6) Ted Cruz will truly say anything at all to get elected and ran the nastiest campaign South Carolina has ever seen: In South Carolina, Senator Cruz continued his campaign of lies, falsehoods, and under-handed tactics that first began in Iowa with false rumors about Ben Carson. Just in the past week, we saw the Cruz campaign and their allies unleash a wave of lies about Marco’s record, false rumors that Marco was dropping out, anonymous push polls, outrageous robocalls in both English and Spanish, fake Facebook posts, personal insults directed at popular South Carolina leaders, and ads that had to actually be taken down. 

7) Ted Cruz’s dishonest tactics have left him with permanent damage:  According to exit polls, 32 percent of voters thought that Senator Cruz ran the most unfair campaign. What Senator Cruz did in Iowa to Ben Carson and tried to do to Marco Rubio in South Carolina will continue to echo through this race. National Review’s Alexis Levinson captured this when she wrote today:

But one of the more problematic upshots of the past ten days for Cruz could be that it has crystallized a new line of attack that will continue to dog him as he moves on: the perception that he is a “liar” campaigning on a dishonest premise.

As we saw in South Carolina, Senator Cruz’s willingness to say or do anything in order to win an election does not wear well on voters.

8) Donald Trump has a ceiling: Donald Trump’s electoral ceiling is in the mid 30s. He has the highest negatives of any candidate by far and the most voters who say they would refuse to vote for him. Simply put, Donald Trump can never get to 50 percent and only will continue as a frontrunner as long as the field is crowded.

Looking ahead…
 
9) John Kasich has no path to the nomination:  Looking ahead, the process for awarding delegates in March states shows that Marco is positioned to end the month with a solid delegate count, while the path for winning the nomination for John Kasich looks unrealistic given the threshold requirements in most states.
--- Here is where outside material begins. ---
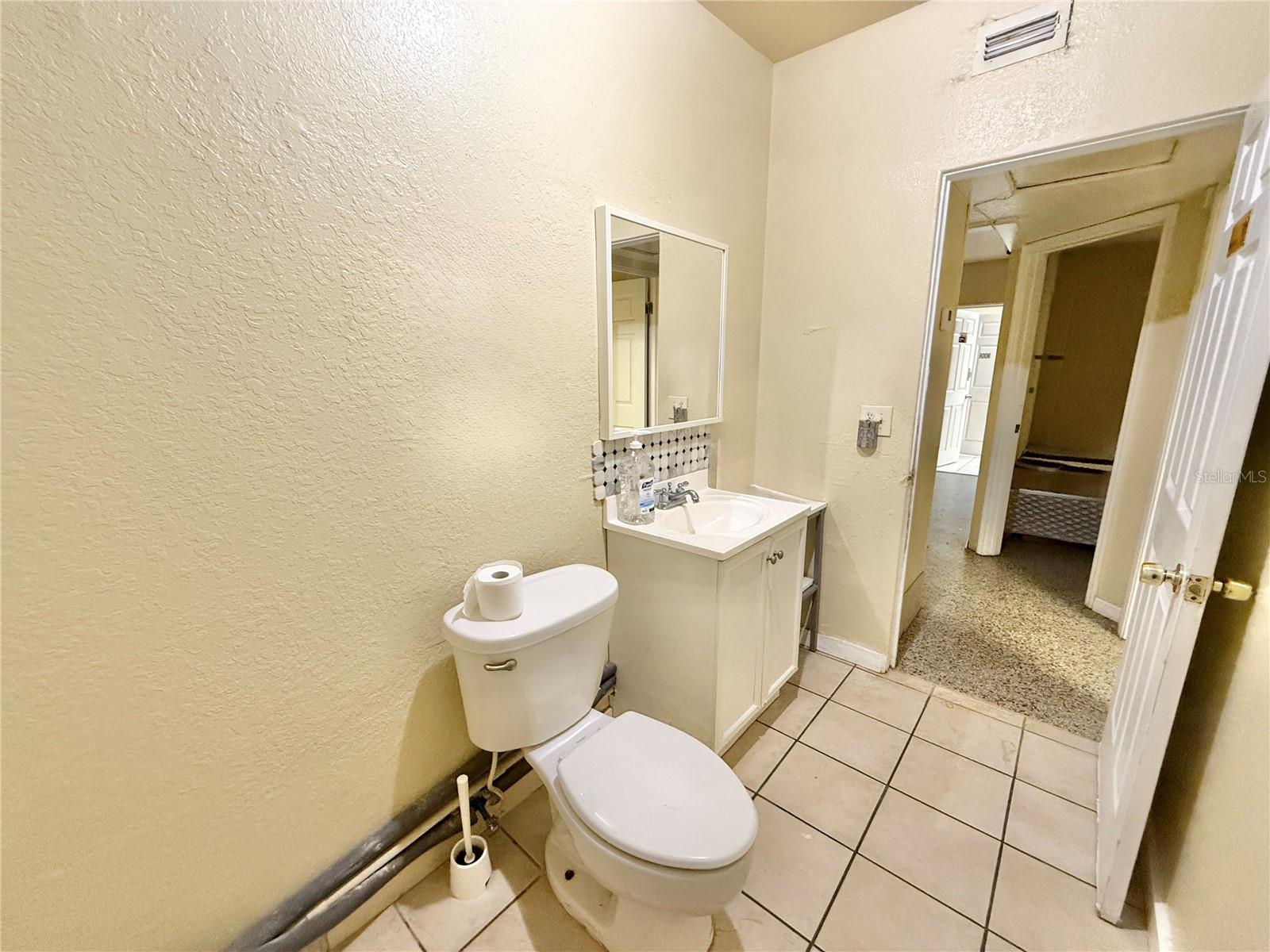 2720 W Vine St Property Photo 13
With the current state of the race, Kasich is currently not in contention for 81.7 percent of the delegates awarded during the week of March 1st. He hasn’t shown any ability to appeal to voters outside the very small moderate/liberal subset of the Republican primary electorate. He has fewer resources, lower name ID and less national infrastructure than Jeb Bush, who last night determined there was no path to the nomination.